» Stored data
*** Block opens ***
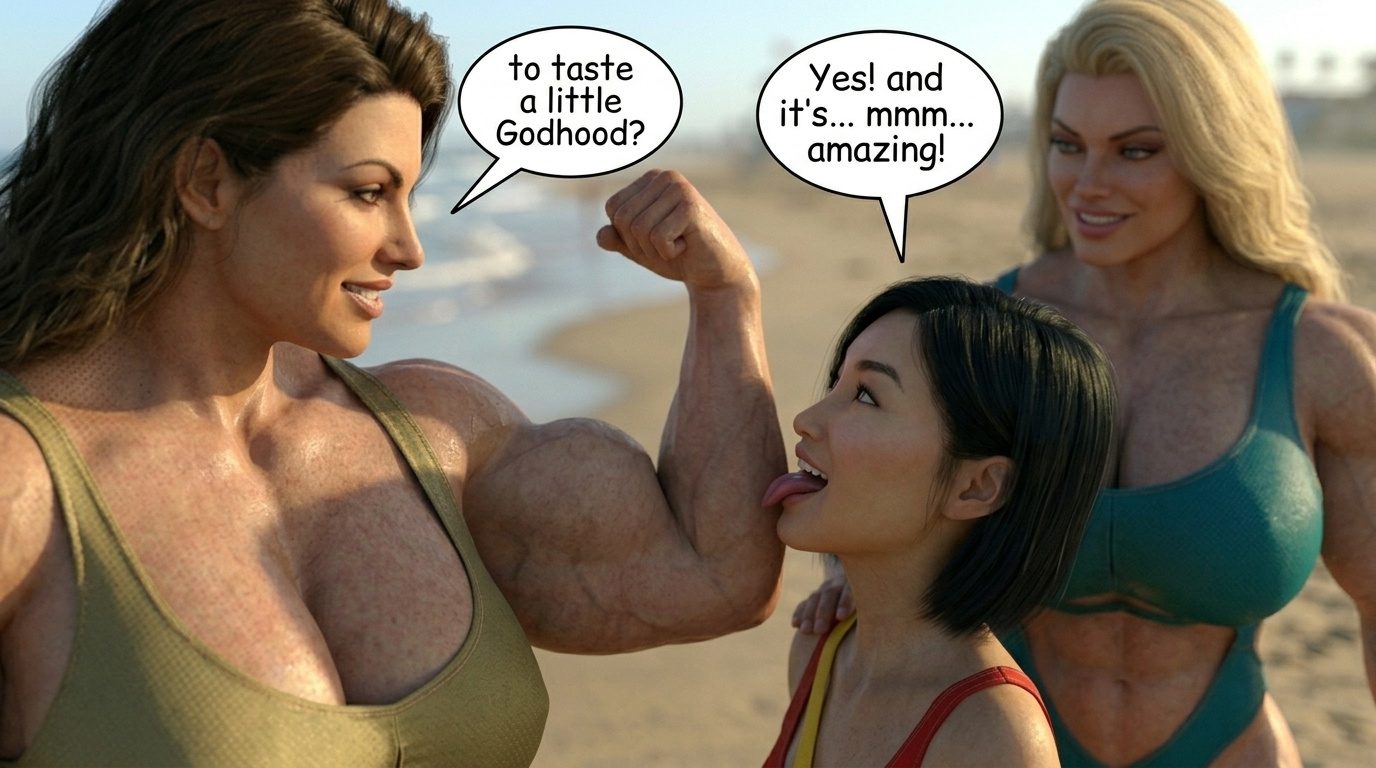 Bay Watched Part 4, page 15 — AI female muscle growth comic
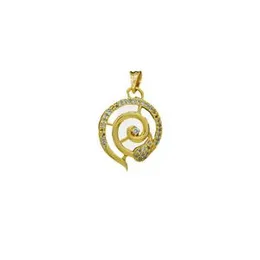 Gold Plated ESH Oval Shape Stone With Big Pendant For Women.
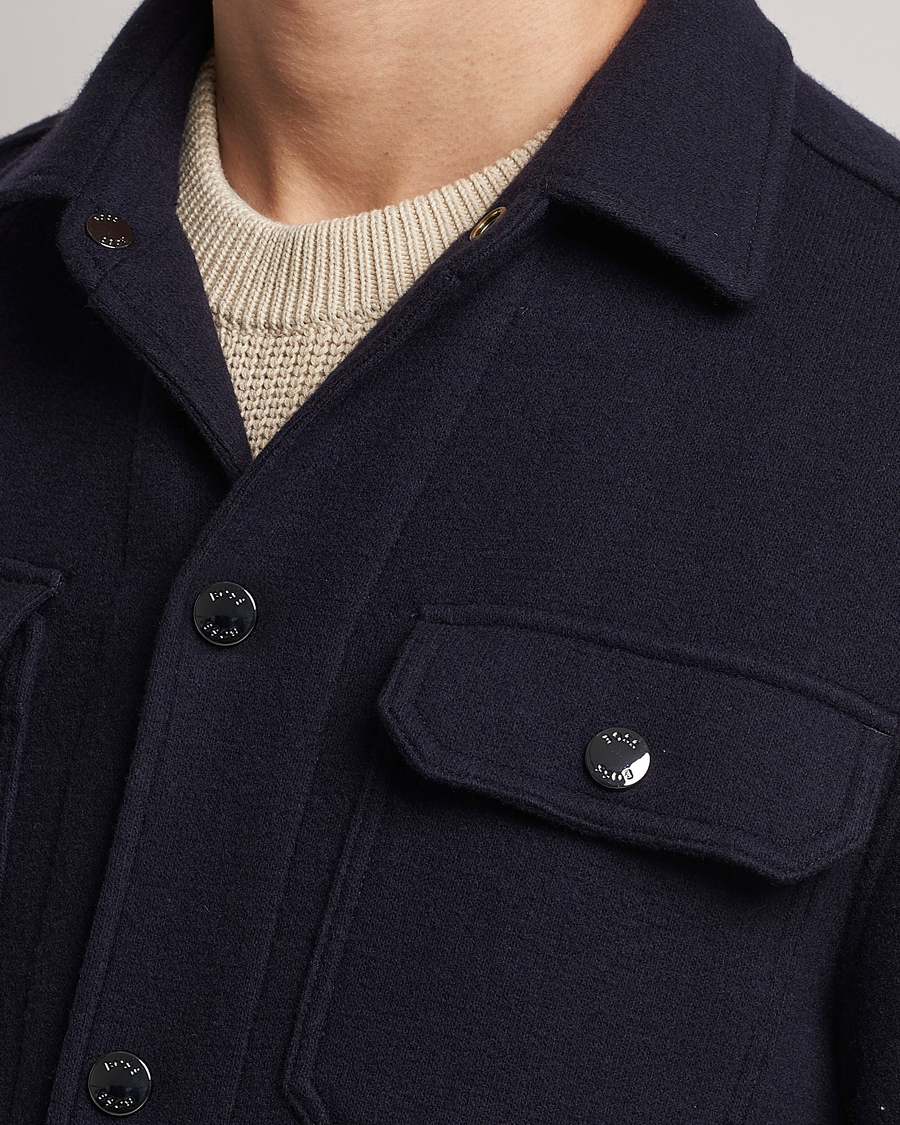 Herren | Hemden | BOSS BLACK | Carper Wool Overshirt Dark Blue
*** Block closes ***
» Task objective
Repeat the listing word for word. Leave images out.

» Result of this task
 Bay Watched Part 4, page 15 — AI female muscle growth comic
 Gold Plated ESH Oval Shape Stone With Big Pendant For Women.
 Herren | Hemden | BOSS BLACK | Carper Wool Overshirt Dark Blue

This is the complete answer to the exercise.